How to Edit an M3U Playlist in Your Browser (No Install)

How to Edit an M3U Playlist in Your Browser (No Install)

You can edit an M3U playlist in your browser by opening it in a browser-based playlist editor, reordering or removing tracks, fixing broken file paths, and exporting a clean file. No software to install, and if the tool is local-first, nothing leaves your machine.

Here's how to do it, plus what's actually going on inside the file so the edits make sense.

What an M3U file actually is

An M3U file is just a plain text file. Open one in any text editor and you'll see a list, one entry per line, where each line points to a track. The pointer is either a file path on your disk or, less commonly for local libraries, a URL.

A basic M3U looks like this:

Music/Artist/Album/01 Track.flac
Music/Artist/Album/02 Track.flac
Music/Artist/Album/03 Track.flac

Some playlists add an #EXTM3U header and #EXTINF lines that carry track duration and title, but the core of the file is the list of paths. That simplicity is why M3U is everywhere, and it's also why it breaks: move or rename the files and the paths no longer match, so your player can't find the tracks.

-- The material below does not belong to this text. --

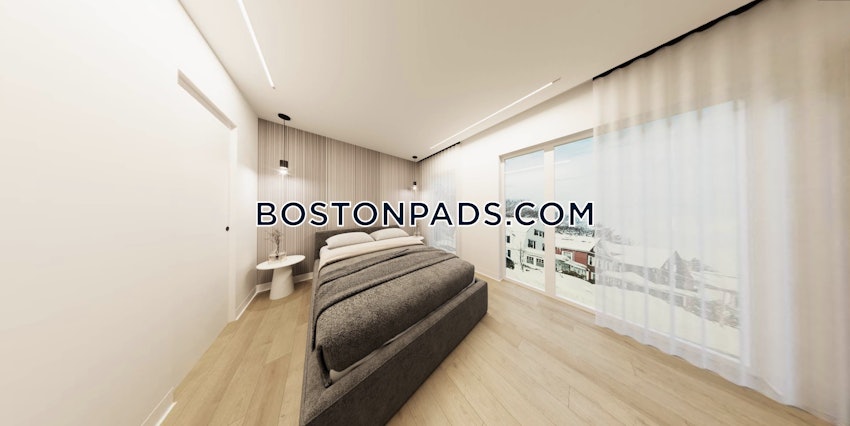 BOSTON - DORCHESTER - ASHMONT - 2 Beds, 2 Baths - Image 9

M3U8 is the same format saved as UTF-8, which matters if your track names use accents or non-Latin characters. Everything below applies to both.

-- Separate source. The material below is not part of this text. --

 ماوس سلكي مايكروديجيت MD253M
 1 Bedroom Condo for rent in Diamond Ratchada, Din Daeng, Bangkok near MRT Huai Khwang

Option one: edit it by hand in a text editor

Because it's plain text, you can edit an M3U in Notepad, TextEdit, or VS Code. Open the file, change the lines, save it.

This works, but it's slow and easy to get wrong. You're typing file paths by hand, with no way to check whether a path is correct until you load the playlist into a player and find a track missing. Reordering means cutting and pasting whole lines. Fixing a folder that moved means find-and-replace across dozens or hundreds of paths, and one wrong slash breaks the entry silently. For a handful of changes it's fine. For anything larger it's a chore.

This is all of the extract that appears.